-- Work required --
Say how many lines in the records contain the string "Vintage". Nothing but the number should be given.

-- Records for the exercise --
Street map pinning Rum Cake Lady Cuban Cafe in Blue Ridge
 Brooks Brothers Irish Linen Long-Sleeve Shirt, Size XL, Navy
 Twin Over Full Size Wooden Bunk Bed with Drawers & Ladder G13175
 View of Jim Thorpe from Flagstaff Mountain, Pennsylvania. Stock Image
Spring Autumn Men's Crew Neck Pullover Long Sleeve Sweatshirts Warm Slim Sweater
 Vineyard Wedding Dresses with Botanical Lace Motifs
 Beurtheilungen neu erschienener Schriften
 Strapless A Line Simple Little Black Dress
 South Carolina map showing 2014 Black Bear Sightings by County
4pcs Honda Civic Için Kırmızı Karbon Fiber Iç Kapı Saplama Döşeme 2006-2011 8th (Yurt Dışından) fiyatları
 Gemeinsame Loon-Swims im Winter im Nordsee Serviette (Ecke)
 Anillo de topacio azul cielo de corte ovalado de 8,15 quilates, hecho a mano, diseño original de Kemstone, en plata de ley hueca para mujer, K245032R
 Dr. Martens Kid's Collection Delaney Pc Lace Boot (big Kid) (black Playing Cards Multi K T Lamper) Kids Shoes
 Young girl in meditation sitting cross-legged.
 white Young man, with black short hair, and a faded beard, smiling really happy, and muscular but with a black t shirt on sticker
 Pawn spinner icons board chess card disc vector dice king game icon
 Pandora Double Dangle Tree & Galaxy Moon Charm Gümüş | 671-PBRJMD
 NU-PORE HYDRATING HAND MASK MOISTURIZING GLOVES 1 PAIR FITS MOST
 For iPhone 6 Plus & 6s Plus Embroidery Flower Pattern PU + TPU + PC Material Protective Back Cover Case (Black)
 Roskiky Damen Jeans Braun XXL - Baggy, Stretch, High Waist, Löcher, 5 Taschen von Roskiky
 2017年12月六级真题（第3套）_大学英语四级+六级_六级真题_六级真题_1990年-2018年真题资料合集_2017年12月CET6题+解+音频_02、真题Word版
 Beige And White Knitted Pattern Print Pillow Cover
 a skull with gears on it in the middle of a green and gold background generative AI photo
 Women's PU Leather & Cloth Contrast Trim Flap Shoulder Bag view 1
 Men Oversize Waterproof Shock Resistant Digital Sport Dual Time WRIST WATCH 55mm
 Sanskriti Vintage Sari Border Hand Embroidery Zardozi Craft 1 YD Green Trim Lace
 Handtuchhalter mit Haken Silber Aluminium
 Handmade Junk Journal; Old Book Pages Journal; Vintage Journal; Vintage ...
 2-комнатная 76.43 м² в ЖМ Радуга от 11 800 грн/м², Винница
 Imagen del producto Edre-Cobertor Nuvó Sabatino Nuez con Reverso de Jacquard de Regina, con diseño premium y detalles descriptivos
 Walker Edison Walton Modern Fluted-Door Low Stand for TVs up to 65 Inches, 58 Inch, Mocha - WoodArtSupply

-- Solution to the problem --
2